I wanted to start this blog to put ideas out there and step out of the narrow confines of being a fashion brand. Behind the creative output you see manifesting through Arahant are a whole host of ideas and practices that i've been working on for a number of decades, ideas emerging out of things like meditative practices, music, art, philosophy and psychedelics. In this post I wanted to write about a 5 gram "heroic dose" mushroom ceremony (heroic being the term the psychonaut Terrence Mckenna used to describe a 5 gram mushroom dose) in which I had a number of interesting insights, one of which was to start working on this blog that you are reading now. For those who are dismissive or still on the fence about psychedelics this piece may seem esoteric, weird or simply the ramblings of an hallucinating artist. If that is you I encourage you to read on and approach the ideas with a playful mind. I could reference how psychedelics are becoming mainstream and being utilised in mental health practices in order to convince you the legitimacy of these compounds. However I would rather urge you to follow your own curiosity and not dive into something simply because of herd mentality. Anyway......

As my ceremony started in one scene it seemed like the mushroom communicated with me directly and had an anthropomorphic guize. In this encounter it seemed quite pissed off. I scanned the image coming forth and saw its leg had been clipped with a tag of some sort like the type of tag you would see on cattle. As I became more inquisitive around this image a whole host of insights effervesced in my mind. It wasn't just an inconvenience or mild embarrassment to the mushroom but was in fact a tragedy unfolding in front of me. What was becoming clear was that the mushroom was expressing disgust at the commercialisation of itself (for those who don't know recent developments in the field of psychedelics have led to big business investing heavily in the belief that large profits will be made in its forthcoming legalisation). I realised that we are in the early stages of treating psychedelics the same way we do cattle.
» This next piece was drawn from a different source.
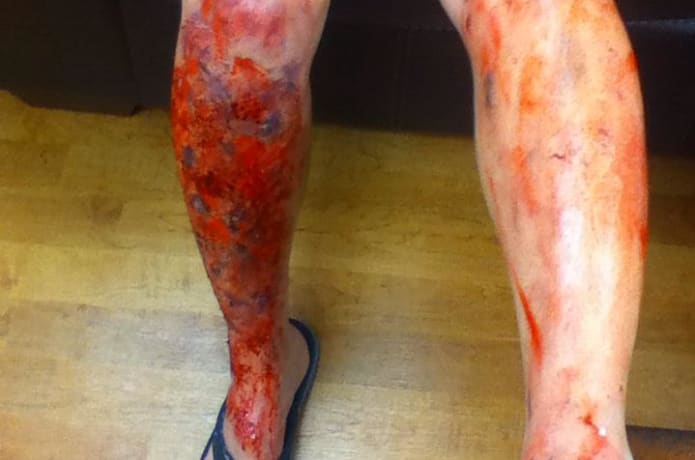 Second- and third-degree burns, and bleeding scrapes.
I let my mind cascade over the implications of this and opened to what the mushroom was making efforts to communicate with me.
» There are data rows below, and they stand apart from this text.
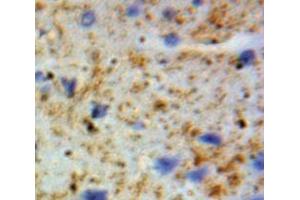 Used in DAB staining on fromalin fixed paraffin-embedded Brain tissue (GSTA4 Antikörper  (AA 3-222))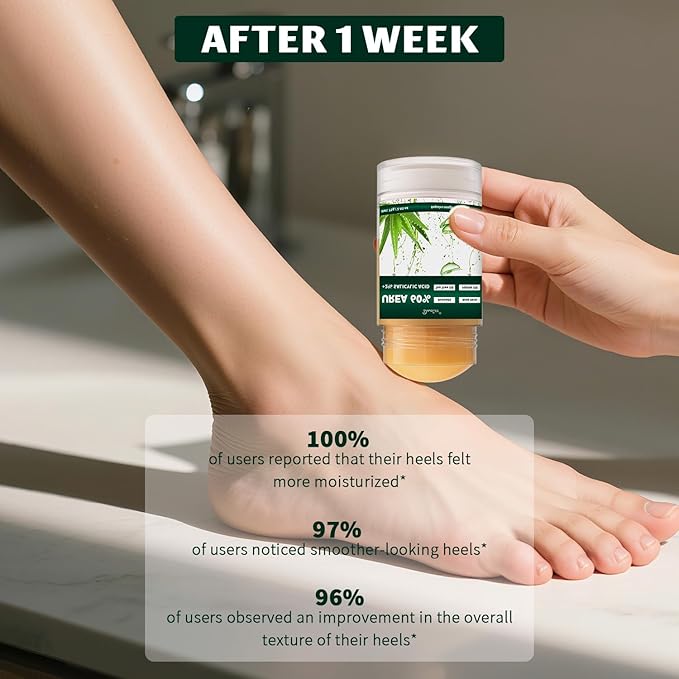 Urea 60% Cream with 2% Salicylic Acid – Maximum Strength Foot, Hand and Elbow Cream for Dry, Cracked Skin, Toenail Softening with Aloe Vera,Tea Tree & Jojoba Oil 2.65 oz.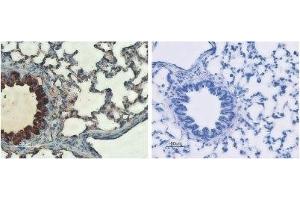 Expression of CFTR in rat lungs - Immunohistochemical staining of rat lungs sections using Anti-CFTR Antibody (ABIN7043096, ABIN7044127 and ABIN7044128) (left panel). (CFTR 抗体  (C-Term, Cytosolic))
I don't use the word "wrong" much but in this case I feel that the commercial use of mushrooms is in fact wrong. Here is something that has been used for time immemorial, before recorded history for sure, as a sacrament, as a key to the divine and transcendent, if not God itself.....and our modern approach is to dissect it, package it and put a label on it. It feels like an alien abduction scenario in reverse where we are the aliens probing and violating the flesh of another being.
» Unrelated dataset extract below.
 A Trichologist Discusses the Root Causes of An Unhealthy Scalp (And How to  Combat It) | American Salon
My mind moved on ....I realised that in ceremony we are in a dialogue with the mushroom. This is a two way relationship. Could it be that it wants to converse with us as much as we want to converse with it and it is this circle that brings both revival and affirmation to us both? If we treat it with reverence or at least with respect we imbue ourselves with that quality also. My experience with mushrooms is that they have been incredible healing and renewing for me. There is a wholeness that one can experience in the heroic dose and that feels core to the reason why these states are healing. One could argue that trauma is in fact characteristic of unwholness, parts of our psyche splintering off due to un-integrated experiences. That wholeness experienced by a more expanded sense of the psyche is the healing thing in of itself.

The point I think the mushroom was trying to make is that scientific commodification will negate this circle. In order to maintain objectivity, in order to isolate and ultimately consume the benefits the scientific worldview risks negating the healing benefits themselves. We can't maintain scientific distance to obtain the result. One has to give oneself over to its process., feel it, dance with it, fall in love with it.

Its seems mans creations are not in communication with the ongoing totality. They live in a closed vacuum reserved only for concepts and ideas. My experience seems to be calling me to wake up from that mesmerising narrative: ossified institutionalised scientism ....the idea that if we apply that ad infinitum we will get to the bottom of it all. However one thing becomes abundantly clear in the psychedelic experience and thats there doesn't seem to be a bottom to any of this.  The Buddhists would concur.

How can you tag and package something that humanity has deemed to be worthy of, lets face it, worship, for eons. Its the arrogance of our age and the blindness of modern man that we think we can just own and control anything and that owning is the fruition of the objects existence and completion of our own (Iain McGilchrist has offered a great thesis on the limits of science and its overreach in his book the Master and his Emissary..... science applied to seeing the limits of science, a thoroughly worthwhile endeavor).

What I got  in this experience was the sanctity of the cycle and the dialogue itself. Our age is plagued by loneliness because we don't think we are connected to anything anymore. The enlightenment project of "I" is paramount. Our thinking places us outside of the lived experience of the cycle. There is something about the workings of our consciousness, about the symbolic ruminations of our minds that sees itself separate from everything.  In my own personal inquiry this in itself seems the grounds for spiritual inquiry: to reach past how we routinely see life and experience the relief and ecstasy of wholeness.

How can you not revere something that reveals such profundity?

We have an opportunity now with psychedelics to find the baby we threw out with the bathwater.  That baby is the lived experience of communion with the totality where words like "wholeness" and "healing"  have real meaning to them.